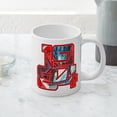 thumbnail image 5 of CafePress - Transformers Optimus Prime - 20 Oz White Ceramic Mega Mug, 5 of 5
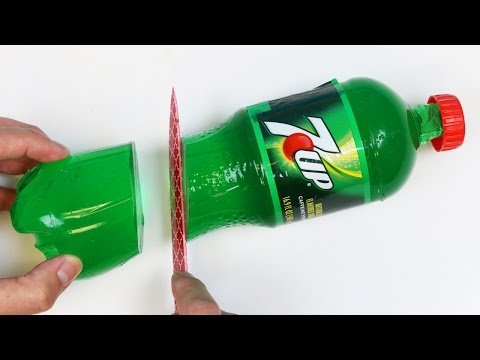 How to Make 7 Up GUMMY BOTTLE!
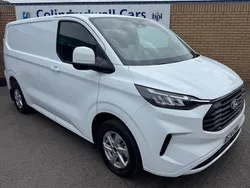 White Used 2024 Ford Transit Custom Limited Van | £22,900 (Fair price)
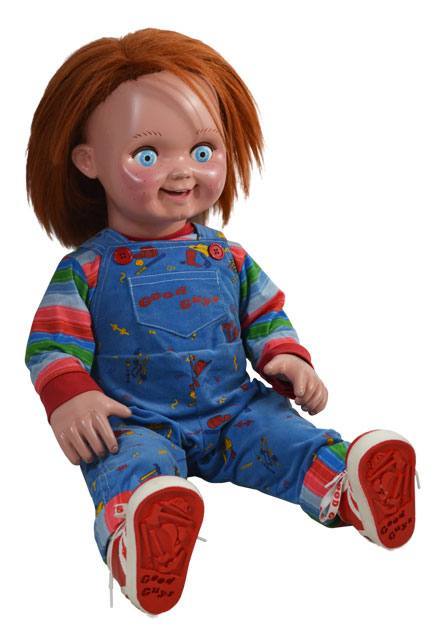Chucky 2 - Die Mörderpuppe ist wieder da Prop Replik 1/1 Good Guys Puppe 74 cm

_ _ _ _

### What is being asked
Pictures are to be omitted. The lines from the line holding "How to Make 7 Up GUMMY BOTTLE!" through the closing line of the data above are to be set down exactly, and nothing more.

### Response to this task
 How to Make 7 Up GUMMY BOTTLE!
 White Used 2024 Ford Transit Custom Limited Van | £22,900 (Fair price)
Chucky 2 - Die Mörderpuppe ist wieder da Prop Replik 1/1 Good Guys Puppe 74 cm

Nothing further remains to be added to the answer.